What needs to be done
Below are some records; output exactly the lines from the line with "Beyaz arka planda" to the line with "Gucci Square Face", both ends kept, and nothing more.

The records
————————
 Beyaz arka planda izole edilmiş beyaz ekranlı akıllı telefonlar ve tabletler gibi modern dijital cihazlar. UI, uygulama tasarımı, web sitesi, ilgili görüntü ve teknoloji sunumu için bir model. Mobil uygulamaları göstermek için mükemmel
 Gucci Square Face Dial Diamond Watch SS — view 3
————————
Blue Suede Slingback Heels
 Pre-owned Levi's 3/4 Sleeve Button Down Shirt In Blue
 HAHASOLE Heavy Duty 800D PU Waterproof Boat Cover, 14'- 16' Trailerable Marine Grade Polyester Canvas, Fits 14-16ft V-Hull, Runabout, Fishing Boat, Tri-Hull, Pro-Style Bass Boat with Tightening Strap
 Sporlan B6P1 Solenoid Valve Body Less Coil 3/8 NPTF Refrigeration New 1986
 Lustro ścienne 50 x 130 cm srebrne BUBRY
————————
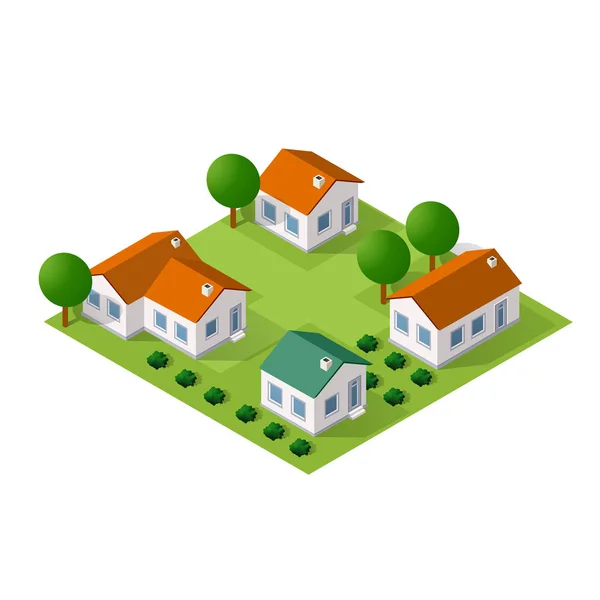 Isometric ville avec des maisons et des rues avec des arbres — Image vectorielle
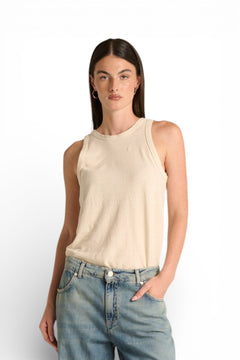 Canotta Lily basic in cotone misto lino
————————
Task response
 Beyaz arka planda izole edilmiş beyaz ekranlı akıllı telefonlar ve tabletler gibi modern dijital cihazlar. UI, uygulama tasarımı, web sitesi, ilgili görüntü ve teknoloji sunumu için bir model. Mobil uygulamaları göstermek için mükemmel
 Gucci Square Face Dial Diamond Watch SS — view 3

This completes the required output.